What makes a person worthy to sit at the feast and to remain when the King finally comes? Only faith in Christ, faith that no one has the ability to conjure up in him or herself, but faith that is kindled by the message of the mercy of Jesus, by the promise of forgiveness for His sake, by the gracious invitation to enter God’s kingdom, to enter the One, Holy, Christian and Apostolic Church through Holy Baptism.
But understand: it is possible to be baptized at some point and call oneself a Christian without actually believing in Jesus on the Last Day, and that’s the last point that Jesus makes. On the Last Day the King Himself will come into the wedding hall to see the guests. Jesus doesn’t even mention here what the King will do with those outside the Church. He simply refers to everything outside the Church as “outer darkness.” The King will come into the wedding hall of the Church to begin the marriage feast that has no end. When He comes, He will see who is wearing the wedding garment and who is not.
The wedding garment was a special garment given to every guest at a wedding. In Jesus’ parable, the King finds a man who is not wearing it, and it does not go well for him: Bind him hand and foot, take him away, and cast him into outer darkness; there will be weeping and gnashing of teeth.’ What is the wedding garment that God gives through the Means of Grace? Again, it is faith in Christ. As Paul says to the Galatians, You are all sons of God through faith in Christ Jesus. For as many of you as were baptized into Christ have put on Christ. Baptism happens once and gives us Christ for a garment. But faith in Christ—that’s not something that “happens.” That’s something that a person wears, like clothing. To trust in Christ is to wear Him around all the time. It’s that garment that God sees and counts a person worthy because of it—worthy to remain at the feast and spend eternity there. But many will be found on the Last Day who called themselves Christians, who entered the wedding hall of the Church, but who, at some point, walk away from faith, who take off Christ, even if they never officially leave the Christian Church.

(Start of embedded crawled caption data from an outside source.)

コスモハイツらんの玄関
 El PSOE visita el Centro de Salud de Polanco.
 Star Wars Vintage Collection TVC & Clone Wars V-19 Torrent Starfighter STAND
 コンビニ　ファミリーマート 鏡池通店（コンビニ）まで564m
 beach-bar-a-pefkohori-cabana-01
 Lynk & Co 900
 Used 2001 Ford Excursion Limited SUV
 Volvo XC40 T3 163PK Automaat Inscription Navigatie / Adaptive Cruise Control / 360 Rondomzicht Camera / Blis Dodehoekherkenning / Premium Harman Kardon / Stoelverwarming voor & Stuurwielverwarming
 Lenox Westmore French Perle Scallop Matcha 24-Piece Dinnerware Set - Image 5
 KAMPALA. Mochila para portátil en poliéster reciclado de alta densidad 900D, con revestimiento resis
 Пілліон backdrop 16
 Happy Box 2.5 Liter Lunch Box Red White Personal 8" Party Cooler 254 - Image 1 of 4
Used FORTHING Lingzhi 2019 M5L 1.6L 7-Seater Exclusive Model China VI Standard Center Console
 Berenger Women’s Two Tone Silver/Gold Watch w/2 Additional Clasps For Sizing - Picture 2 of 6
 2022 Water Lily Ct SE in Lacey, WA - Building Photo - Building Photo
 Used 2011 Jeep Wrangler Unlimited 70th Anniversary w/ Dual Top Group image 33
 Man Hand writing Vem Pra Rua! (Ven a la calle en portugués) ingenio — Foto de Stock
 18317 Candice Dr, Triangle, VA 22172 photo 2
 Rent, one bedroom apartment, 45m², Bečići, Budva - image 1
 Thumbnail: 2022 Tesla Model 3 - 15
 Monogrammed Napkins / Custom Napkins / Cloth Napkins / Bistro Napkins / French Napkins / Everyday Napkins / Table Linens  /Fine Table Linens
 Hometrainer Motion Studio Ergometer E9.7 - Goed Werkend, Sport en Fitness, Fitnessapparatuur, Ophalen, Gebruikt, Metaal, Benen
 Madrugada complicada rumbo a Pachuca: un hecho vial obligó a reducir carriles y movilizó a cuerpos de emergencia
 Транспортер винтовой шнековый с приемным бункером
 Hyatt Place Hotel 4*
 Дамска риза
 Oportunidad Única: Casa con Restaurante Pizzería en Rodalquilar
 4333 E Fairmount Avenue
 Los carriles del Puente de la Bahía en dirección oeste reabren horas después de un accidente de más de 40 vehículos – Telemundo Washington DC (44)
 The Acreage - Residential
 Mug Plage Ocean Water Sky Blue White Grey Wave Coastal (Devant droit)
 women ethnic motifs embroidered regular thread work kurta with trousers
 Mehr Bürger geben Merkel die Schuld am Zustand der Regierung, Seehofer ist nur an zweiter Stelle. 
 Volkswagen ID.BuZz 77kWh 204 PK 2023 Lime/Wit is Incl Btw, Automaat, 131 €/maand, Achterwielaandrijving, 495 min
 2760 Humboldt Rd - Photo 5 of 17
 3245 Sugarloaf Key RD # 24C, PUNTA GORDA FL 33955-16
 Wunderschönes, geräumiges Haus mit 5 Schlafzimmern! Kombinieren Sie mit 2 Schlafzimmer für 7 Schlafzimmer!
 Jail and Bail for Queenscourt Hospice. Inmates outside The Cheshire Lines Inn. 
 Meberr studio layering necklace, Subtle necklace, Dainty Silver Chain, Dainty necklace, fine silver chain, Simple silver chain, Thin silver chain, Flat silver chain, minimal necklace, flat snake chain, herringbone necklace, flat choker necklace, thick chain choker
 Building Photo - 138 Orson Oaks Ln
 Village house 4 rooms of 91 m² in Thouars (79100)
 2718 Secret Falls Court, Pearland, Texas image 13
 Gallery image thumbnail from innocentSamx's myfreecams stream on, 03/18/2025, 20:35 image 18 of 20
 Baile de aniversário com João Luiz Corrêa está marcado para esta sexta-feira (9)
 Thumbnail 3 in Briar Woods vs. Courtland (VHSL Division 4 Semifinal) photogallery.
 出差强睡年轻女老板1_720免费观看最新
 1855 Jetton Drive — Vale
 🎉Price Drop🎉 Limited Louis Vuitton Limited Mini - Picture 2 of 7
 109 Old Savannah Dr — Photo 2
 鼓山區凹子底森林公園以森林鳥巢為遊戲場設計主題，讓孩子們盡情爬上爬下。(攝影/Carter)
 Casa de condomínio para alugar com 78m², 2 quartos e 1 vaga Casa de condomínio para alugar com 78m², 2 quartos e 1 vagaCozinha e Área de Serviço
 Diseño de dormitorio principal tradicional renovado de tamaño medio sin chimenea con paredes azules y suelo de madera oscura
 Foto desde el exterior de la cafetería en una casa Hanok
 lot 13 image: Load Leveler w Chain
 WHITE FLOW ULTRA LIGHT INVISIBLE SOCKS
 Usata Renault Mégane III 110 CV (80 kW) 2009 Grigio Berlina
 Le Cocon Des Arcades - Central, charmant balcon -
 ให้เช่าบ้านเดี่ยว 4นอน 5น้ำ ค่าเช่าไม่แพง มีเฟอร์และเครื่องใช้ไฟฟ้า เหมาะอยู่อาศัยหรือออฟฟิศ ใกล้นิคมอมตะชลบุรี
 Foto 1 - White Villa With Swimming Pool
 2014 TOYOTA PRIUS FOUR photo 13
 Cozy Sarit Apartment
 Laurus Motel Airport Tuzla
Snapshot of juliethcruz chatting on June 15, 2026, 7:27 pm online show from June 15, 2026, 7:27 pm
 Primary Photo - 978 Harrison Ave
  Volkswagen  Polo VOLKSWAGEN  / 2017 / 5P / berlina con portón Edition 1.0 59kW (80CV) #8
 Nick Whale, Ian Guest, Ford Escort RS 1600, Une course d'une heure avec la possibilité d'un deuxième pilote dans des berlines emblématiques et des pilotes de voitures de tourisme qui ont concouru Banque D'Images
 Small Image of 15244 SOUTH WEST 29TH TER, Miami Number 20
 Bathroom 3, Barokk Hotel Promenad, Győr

And so Jesus brings us back once again to the reason why He insists that Christians come to church, to gather around the preaching of His Word and the administration of His Sacraments. You’ve been baptized. Wonderful! But between then and the Last Day God wishes to sustain your faith and keep you wearing Christ all your days, all the way up to the Last Day. It is God’s will to sustain your faith through Word and Sacrament, to continually forgive your sins, to keep you listening to Christ and, at times, to call you back to repentance and faith, so that when He comes He doesn’t find Christians in name only, but Christians who are eagerly waiting for His arrival, because the Bridegroom is their all in all, the Savior with whom they long to spend eternity.
Many are called, but few are chosen. Few are chosen, because few actually want the Jesus described in Holy Scripture for a Savior. May all of us here be counted among those few, those happy few—among those who do want Jesus for our Savior, among those who trust in Him who makes us worthy to feast with the King. Amen.